▶

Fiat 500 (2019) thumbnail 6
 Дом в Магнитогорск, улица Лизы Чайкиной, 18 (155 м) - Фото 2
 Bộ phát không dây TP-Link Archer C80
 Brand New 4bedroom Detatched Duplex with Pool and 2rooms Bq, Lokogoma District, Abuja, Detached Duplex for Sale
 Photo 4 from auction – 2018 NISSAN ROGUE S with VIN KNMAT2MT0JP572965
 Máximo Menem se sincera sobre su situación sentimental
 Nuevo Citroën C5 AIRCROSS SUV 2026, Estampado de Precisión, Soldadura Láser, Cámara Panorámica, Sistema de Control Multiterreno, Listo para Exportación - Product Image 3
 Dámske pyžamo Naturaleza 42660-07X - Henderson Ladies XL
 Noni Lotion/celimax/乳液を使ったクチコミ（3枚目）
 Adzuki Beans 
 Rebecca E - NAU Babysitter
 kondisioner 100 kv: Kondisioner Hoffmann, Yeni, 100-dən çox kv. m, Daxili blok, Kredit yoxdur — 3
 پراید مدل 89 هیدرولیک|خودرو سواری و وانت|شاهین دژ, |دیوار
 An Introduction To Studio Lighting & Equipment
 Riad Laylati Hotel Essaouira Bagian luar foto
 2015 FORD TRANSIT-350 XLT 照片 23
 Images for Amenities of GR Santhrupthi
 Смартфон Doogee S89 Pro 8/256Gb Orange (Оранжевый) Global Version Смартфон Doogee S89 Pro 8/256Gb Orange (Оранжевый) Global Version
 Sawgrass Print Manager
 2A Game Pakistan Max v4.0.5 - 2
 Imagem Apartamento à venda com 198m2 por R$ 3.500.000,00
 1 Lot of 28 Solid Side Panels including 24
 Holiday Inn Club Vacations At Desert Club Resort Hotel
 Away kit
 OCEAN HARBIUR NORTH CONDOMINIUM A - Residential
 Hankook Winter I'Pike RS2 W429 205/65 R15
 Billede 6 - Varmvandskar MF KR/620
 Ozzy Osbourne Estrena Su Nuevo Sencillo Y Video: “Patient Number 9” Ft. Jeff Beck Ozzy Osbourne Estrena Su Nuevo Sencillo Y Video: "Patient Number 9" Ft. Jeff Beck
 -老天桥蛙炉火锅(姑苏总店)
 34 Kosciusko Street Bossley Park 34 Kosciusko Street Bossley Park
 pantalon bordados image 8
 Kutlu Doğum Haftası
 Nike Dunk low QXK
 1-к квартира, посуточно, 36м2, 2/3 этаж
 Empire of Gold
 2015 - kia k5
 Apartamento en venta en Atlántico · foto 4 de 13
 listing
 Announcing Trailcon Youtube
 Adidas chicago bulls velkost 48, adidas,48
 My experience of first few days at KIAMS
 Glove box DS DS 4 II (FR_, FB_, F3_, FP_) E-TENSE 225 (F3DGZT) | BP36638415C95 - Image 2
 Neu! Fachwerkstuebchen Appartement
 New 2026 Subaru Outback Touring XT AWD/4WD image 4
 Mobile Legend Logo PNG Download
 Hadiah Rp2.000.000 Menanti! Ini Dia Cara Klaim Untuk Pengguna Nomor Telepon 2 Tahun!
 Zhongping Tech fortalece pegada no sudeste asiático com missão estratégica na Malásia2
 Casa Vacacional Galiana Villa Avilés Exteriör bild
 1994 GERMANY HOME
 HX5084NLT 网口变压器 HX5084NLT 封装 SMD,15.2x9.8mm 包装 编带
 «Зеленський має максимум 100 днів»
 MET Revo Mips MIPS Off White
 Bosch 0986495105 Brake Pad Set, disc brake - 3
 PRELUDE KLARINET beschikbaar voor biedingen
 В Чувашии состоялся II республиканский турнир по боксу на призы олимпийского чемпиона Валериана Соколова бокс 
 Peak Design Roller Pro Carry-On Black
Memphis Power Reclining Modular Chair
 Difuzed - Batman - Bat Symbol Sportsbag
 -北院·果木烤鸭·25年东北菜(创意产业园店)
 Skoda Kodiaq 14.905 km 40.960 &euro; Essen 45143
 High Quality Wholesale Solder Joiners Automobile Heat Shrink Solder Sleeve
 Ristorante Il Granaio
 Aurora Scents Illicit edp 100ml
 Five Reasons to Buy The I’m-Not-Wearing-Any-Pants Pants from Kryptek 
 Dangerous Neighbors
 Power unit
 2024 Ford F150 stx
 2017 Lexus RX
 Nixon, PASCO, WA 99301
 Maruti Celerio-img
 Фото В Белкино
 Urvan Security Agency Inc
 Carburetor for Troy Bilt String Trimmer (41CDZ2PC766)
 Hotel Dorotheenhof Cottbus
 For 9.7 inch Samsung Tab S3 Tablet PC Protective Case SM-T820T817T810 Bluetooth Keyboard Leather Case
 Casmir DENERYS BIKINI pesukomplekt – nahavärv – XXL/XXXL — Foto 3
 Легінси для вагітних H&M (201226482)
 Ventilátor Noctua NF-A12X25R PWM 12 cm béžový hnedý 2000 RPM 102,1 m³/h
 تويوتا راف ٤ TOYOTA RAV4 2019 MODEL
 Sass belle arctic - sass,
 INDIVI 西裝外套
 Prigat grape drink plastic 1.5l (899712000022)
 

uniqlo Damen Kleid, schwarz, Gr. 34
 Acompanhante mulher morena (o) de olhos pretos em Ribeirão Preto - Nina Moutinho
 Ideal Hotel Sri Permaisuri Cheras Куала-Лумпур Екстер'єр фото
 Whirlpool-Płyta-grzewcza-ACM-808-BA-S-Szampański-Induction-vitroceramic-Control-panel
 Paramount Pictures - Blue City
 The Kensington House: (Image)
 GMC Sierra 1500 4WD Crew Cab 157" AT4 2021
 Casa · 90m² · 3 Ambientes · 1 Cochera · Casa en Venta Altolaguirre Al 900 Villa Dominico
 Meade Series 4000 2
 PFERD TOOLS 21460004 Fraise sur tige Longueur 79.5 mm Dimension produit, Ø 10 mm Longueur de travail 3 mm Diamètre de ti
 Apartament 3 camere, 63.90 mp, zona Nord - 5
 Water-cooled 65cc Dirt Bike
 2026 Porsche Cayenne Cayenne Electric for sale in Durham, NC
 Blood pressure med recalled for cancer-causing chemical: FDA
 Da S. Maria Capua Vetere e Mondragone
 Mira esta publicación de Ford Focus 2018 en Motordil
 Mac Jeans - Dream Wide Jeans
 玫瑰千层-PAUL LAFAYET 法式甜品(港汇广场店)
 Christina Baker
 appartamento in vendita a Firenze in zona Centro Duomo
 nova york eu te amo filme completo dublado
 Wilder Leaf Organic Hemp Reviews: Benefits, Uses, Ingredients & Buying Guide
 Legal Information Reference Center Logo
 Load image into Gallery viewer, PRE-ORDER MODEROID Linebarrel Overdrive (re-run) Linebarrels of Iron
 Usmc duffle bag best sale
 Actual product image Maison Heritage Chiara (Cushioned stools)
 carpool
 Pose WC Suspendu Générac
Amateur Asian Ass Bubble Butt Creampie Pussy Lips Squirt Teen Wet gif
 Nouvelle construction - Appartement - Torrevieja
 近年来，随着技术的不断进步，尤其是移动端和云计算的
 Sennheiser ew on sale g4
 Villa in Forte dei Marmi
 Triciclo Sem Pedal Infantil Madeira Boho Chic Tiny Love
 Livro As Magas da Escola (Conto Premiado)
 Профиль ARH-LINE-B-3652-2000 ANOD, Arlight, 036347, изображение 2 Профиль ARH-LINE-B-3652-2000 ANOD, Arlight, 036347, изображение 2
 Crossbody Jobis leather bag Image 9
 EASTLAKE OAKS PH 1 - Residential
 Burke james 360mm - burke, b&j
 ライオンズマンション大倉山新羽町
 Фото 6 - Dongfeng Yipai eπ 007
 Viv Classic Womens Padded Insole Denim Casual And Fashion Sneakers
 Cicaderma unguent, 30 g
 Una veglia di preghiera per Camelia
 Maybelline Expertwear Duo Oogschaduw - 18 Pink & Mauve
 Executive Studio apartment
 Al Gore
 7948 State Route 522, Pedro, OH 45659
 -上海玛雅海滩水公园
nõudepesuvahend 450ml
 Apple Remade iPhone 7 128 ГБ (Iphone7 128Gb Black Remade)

◀

## Exercise requirements
Restate word for word the lines above, beginning at the first one and ending at the line that carries "2015 - kia k5".

## Your solution
Fiat 500 (2019) thumbnail 6
 Дом в Магнитогорск, улица Лизы Чайкиной, 18 (155 м) - Фото 2
 Bộ phát không dây TP-Link Archer C80
 Brand New 4bedroom Detatched Duplex with Pool and 2rooms Bq, Lokogoma District, Abuja, Detached Duplex for Sale
 Photo 4 from auction – 2018 NISSAN ROGUE S with VIN KNMAT2MT0JP572965
 Máximo Menem se sincera sobre su situación sentimental
 Nuevo Citroën C5 AIRCROSS SUV 2026, Estampado de Precisión, Soldadura Láser, Cámara Panorámica, Sistema de Control Multiterreno, Listo para Exportación - Product Image 3
 Dámske pyžamo Naturaleza 42660-07X - Henderson Ladies XL
 Noni Lotion/celimax/乳液を使ったクチコミ（3枚目）
 Adzuki Beans 
 Rebecca E - NAU Babysitter
 kondisioner 100 kv: Kondisioner Hoffmann, Yeni, 100-dən çox kv. m, Daxili blok, Kredit yoxdur — 3
 پراید مدل 89 هیدرولیک|خودرو سواری و وانت|شاهین دژ, |دیوار
 An Introduction To Studio Lighting & Equipment
 Riad Laylati Hotel Essaouira Bagian luar foto
 2015 FORD TRANSIT-350 XLT 照片 23
 Images for Amenities of GR Santhrupthi
 Смартфон Doogee S89 Pro 8/256Gb Orange (Оранжевый) Global Version Смартфон Doogee S89 Pro 8/256Gb Orange (Оранжевый) Global Version
 Sawgrass Print Manager
 2A Game Pakistan Max v4.0.5 - 2
 Imagem Apartamento à venda com 198m2 por R$ 3.500.000,00
 1 Lot of 28 Solid Side Panels including 24
 Holiday Inn Club Vacations At Desert Club Resort Hotel
 Away kit
 OCEAN HARBIUR NORTH CONDOMINIUM A - Residential
 Hankook Winter I'Pike RS2 W429 205/65 R15
 Billede 6 - Varmvandskar MF KR/620
 Ozzy Osbourne Estrena Su Nuevo Sencillo Y Video: “Patient Number 9” Ft. Jeff Beck Ozzy Osbourne Estrena Su Nuevo Sencillo Y Video: "Patient Number 9" Ft. Jeff Beck
 -老天桥蛙炉火锅(姑苏总店)
 34 Kosciusko Street Bossley Park 34 Kosciusko Street Bossley Park
 pantalon bordados image 8
 Kutlu Doğum Haftası
 Nike Dunk low QXK
 1-к квартира, посуточно, 36м2, 2/3 этаж
 Empire of Gold
 2015 - kia k5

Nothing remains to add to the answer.